* **What to produce**:
Write out word for word the lines from the one holding "Watts - 1 Thread, Backflow" through the end of the data, and only those lines. Pictures stay out.

* **Source data**:
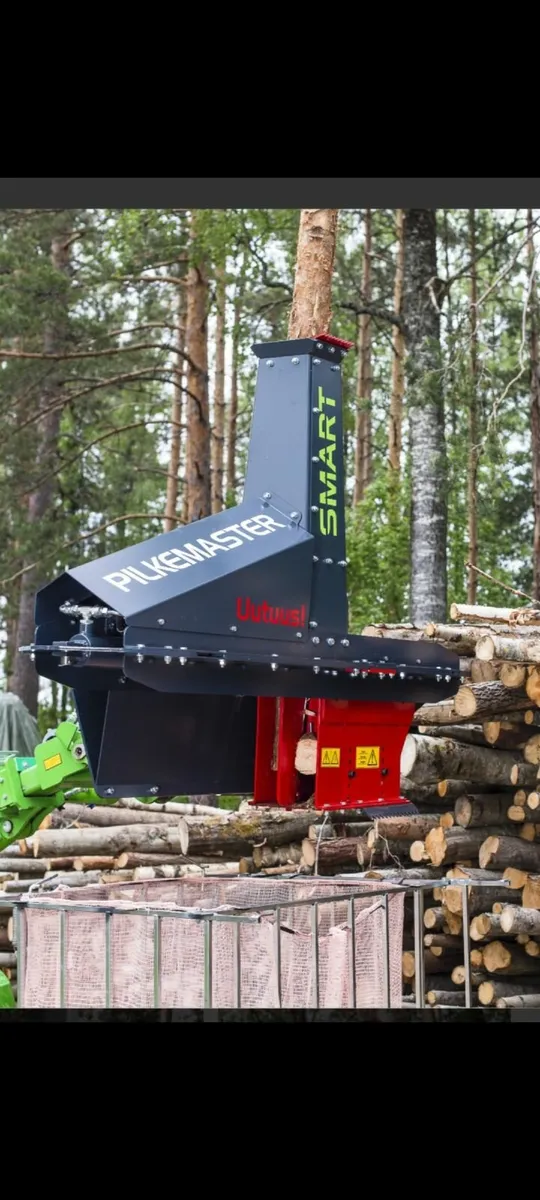 Firewood processor
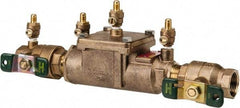 Watts - 1 Thread, Backflow Preventer Valve - Lead-Free, Use with Potable Water Applications - Industrial Tool & Supply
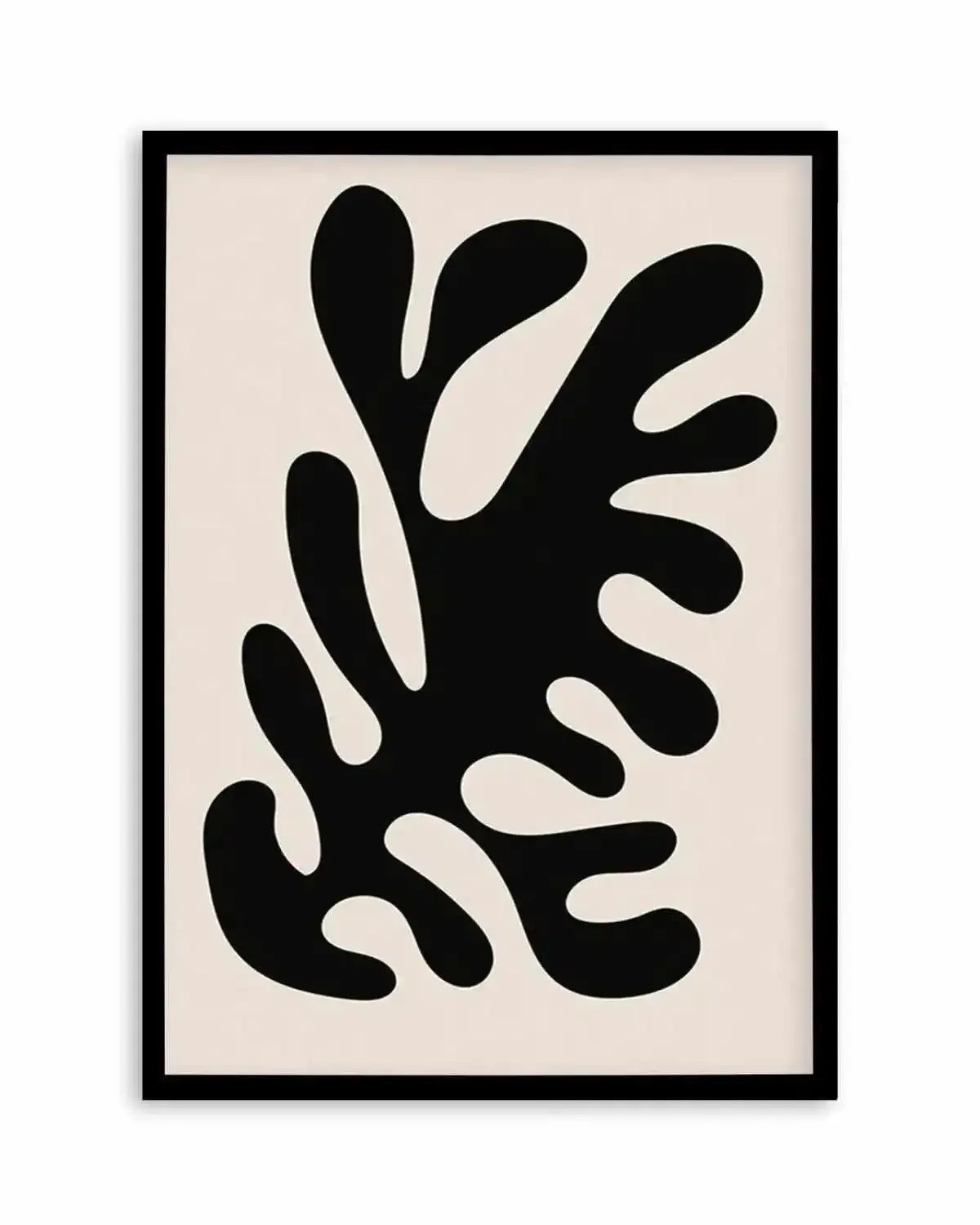Organic Shapes II Art Print from Olive et Oriel where you can shop wallpaper and artworks online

* **Answer to the exercise**:
 Watts - 1 Thread, Backflow Preventer Valve - Lead-Free, Use with Potable Water Applications - Industrial Tool & Supply
Organic Shapes II Art Print from Olive et Oriel where you can shop wallpaper and artworks online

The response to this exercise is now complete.